## AVAILABLE DATA
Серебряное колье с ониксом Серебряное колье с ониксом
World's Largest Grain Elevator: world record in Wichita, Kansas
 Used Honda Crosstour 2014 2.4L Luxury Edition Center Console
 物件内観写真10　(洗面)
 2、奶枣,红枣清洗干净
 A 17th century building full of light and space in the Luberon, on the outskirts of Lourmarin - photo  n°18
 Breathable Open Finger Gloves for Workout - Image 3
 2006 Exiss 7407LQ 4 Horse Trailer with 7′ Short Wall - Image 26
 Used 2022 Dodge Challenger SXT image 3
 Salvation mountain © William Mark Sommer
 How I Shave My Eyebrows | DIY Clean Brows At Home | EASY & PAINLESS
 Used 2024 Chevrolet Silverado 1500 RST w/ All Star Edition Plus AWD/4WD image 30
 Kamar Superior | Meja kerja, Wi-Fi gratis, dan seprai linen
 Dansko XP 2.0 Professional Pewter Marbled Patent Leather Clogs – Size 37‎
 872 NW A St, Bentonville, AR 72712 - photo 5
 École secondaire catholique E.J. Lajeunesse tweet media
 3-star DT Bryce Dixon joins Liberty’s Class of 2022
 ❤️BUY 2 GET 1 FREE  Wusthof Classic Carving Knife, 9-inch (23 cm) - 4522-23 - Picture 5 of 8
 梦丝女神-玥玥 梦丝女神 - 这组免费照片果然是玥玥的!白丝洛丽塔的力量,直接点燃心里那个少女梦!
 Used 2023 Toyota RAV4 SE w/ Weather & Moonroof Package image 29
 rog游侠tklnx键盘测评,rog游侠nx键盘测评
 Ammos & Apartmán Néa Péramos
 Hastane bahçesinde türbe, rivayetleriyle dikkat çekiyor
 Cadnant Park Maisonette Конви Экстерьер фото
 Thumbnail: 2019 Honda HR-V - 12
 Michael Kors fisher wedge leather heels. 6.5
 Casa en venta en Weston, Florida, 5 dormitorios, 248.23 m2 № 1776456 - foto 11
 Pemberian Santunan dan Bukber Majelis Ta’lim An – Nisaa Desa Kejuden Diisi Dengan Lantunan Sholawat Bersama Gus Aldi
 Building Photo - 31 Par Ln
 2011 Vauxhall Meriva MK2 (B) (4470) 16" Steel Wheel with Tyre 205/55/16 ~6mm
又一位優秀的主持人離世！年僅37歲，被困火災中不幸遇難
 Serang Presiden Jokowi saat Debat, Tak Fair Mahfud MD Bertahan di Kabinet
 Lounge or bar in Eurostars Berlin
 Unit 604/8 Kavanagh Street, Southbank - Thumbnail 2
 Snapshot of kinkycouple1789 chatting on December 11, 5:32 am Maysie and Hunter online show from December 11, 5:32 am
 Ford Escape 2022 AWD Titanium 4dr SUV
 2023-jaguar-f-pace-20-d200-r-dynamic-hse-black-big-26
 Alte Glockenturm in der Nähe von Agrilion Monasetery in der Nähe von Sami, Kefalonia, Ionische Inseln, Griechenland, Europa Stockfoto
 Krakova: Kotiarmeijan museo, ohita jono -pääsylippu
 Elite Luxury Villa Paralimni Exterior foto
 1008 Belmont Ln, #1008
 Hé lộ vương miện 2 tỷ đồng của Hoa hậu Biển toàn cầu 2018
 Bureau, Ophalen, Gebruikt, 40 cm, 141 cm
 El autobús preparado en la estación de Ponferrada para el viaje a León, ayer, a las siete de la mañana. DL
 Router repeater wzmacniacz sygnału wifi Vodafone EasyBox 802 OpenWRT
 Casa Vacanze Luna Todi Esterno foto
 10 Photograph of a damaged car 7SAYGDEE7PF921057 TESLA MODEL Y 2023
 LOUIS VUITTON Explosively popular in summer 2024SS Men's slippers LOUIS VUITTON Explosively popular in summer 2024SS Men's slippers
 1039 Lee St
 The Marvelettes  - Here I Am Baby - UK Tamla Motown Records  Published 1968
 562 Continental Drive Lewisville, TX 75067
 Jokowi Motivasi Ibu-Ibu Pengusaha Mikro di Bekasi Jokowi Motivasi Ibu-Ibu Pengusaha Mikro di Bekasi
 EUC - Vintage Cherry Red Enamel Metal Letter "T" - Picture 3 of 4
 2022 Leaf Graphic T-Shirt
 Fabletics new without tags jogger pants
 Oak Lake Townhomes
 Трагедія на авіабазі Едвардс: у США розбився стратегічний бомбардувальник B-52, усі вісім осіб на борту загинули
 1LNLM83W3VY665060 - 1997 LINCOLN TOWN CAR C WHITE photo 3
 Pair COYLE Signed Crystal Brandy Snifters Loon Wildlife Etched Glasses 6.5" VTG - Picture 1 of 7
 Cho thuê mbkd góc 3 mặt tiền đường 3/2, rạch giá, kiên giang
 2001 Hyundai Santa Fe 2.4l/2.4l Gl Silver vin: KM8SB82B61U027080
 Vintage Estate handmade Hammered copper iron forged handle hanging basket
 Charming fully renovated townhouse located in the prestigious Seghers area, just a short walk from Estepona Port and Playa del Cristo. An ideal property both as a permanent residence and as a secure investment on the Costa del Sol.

## EXERCISE AIM
All of the records above are to be set down again exactly.

## EXERCISE SOLUTION
Серебряное колье с ониксом Серебряное колье с ониксом
World's Largest Grain Elevator: world record in Wichita, Kansas
 Used Honda Crosstour 2014 2.4L Luxury Edition Center Console
 物件内観写真10　(洗面)
 2、奶枣,红枣清洗干净
 A 17th century building full of light and space in the Luberon, on the outskirts of Lourmarin - photo  n°18
 Breathable Open Finger Gloves for Workout - Image 3
 2006 Exiss 7407LQ 4 Horse Trailer with 7′ Short Wall - Image 26
 Used 2022 Dodge Challenger SXT image 3
 Salvation mountain © William Mark Sommer
 How I Shave My Eyebrows | DIY Clean Brows At Home | EASY & PAINLESS
 Used 2024 Chevrolet Silverado 1500 RST w/ All Star Edition Plus AWD/4WD image 30
 Kamar Superior | Meja kerja, Wi-Fi gratis, dan seprai linen
 Dansko XP 2.0 Professional Pewter Marbled Patent Leather Clogs – Size 37‎
 872 NW A St, Bentonville, AR 72712 - photo 5
 École secondaire catholique E.J. Lajeunesse tweet media
 3-star DT Bryce Dixon joins Liberty’s Class of 2022
 ❤️BUY 2 GET 1 FREE  Wusthof Classic Carving Knife, 9-inch (23 cm) - 4522-23 - Picture 5 of 8
 梦丝女神-玥玥 梦丝女神 - 这组免费照片果然是玥玥的!白丝洛丽塔的力量,直接点燃心里那个少女梦!
 Used 2023 Toyota RAV4 SE w/ Weather & Moonroof Package image 29
 rog游侠tklnx键盘测评,rog游侠nx键盘测评
 Ammos & Apartmán Néa Péramos
 Hastane bahçesinde türbe, rivayetleriyle dikkat çekiyor
 Cadnant Park Maisonette Конви Экстерьер фото
 Thumbnail: 2019 Honda HR-V - 12
 Michael Kors fisher wedge leather heels. 6.5
 Casa en venta en Weston, Florida, 5 dormitorios, 248.23 m2 № 1776456 - foto 11
 Pemberian Santunan dan Bukber Majelis Ta’lim An – Nisaa Desa Kejuden Diisi Dengan Lantunan Sholawat Bersama Gus Aldi
 Building Photo - 31 Par Ln
 2011 Vauxhall Meriva MK2 (B) (4470) 16" Steel Wheel with Tyre 205/55/16 ~6mm
又一位優秀的主持人離世！年僅37歲，被困火災中不幸遇難
 Serang Presiden Jokowi saat Debat, Tak Fair Mahfud MD Bertahan di Kabinet
 Lounge or bar in Eurostars Berlin
 Unit 604/8 Kavanagh Street, Southbank - Thumbnail 2
 Snapshot of kinkycouple1789 chatting on December 11, 5:32 am Maysie and Hunter online show from December 11, 5:32 am
 Ford Escape 2022 AWD Titanium 4dr SUV
 2023-jaguar-f-pace-20-d200-r-dynamic-hse-black-big-26
 Alte Glockenturm in der Nähe von Agrilion Monasetery in der Nähe von Sami, Kefalonia, Ionische Inseln, Griechenland, Europa Stockfoto
 Krakova: Kotiarmeijan museo, ohita jono -pääsylippu
 Elite Luxury Villa Paralimni Exterior foto
 1008 Belmont Ln, #1008
 Hé lộ vương miện 2 tỷ đồng của Hoa hậu Biển toàn cầu 2018
 Bureau, Ophalen, Gebruikt, 40 cm, 141 cm
 El autobús preparado en la estación de Ponferrada para el viaje a León, ayer, a las siete de la mañana. DL
 Router repeater wzmacniacz sygnału wifi Vodafone EasyBox 802 OpenWRT
 Casa Vacanze Luna Todi Esterno foto
 10 Photograph of a damaged car 7SAYGDEE7PF921057 TESLA MODEL Y 2023
 LOUIS VUITTON Explosively popular in summer 2024SS Men's slippers LOUIS VUITTON Explosively popular in summer 2024SS Men's slippers
 1039 Lee St
 The Marvelettes  - Here I Am Baby - UK Tamla Motown Records  Published 1968
 562 Continental Drive Lewisville, TX 75067
 Jokowi Motivasi Ibu-Ibu Pengusaha Mikro di Bekasi Jokowi Motivasi Ibu-Ibu Pengusaha Mikro di Bekasi
 EUC - Vintage Cherry Red Enamel Metal Letter "T" - Picture 3 of 4
 2022 Leaf Graphic T-Shirt
 Fabletics new without tags jogger pants
 Oak Lake Townhomes
 Трагедія на авіабазі Едвардс: у США розбився стратегічний бомбардувальник B-52, усі вісім осіб на борту загинули
 1LNLM83W3VY665060 - 1997 LINCOLN TOWN CAR C WHITE photo 3
 Pair COYLE Signed Crystal Brandy Snifters Loon Wildlife Etched Glasses 6.5" VTG - Picture 1 of 7
 Cho thuê mbkd góc 3 mặt tiền đường 3/2, rạch giá, kiên giang
 2001 Hyundai Santa Fe 2.4l/2.4l Gl Silver vin: KM8SB82B61U027080
 Vintage Estate handmade Hammered copper iron forged handle hanging basket
 Charming fully renovated townhouse located in the prestigious Seghers area, just a short walk from Estepona Port and Playa del Cristo. An ideal property both as a permanent residence and as a secure investment on the Costa del Sol.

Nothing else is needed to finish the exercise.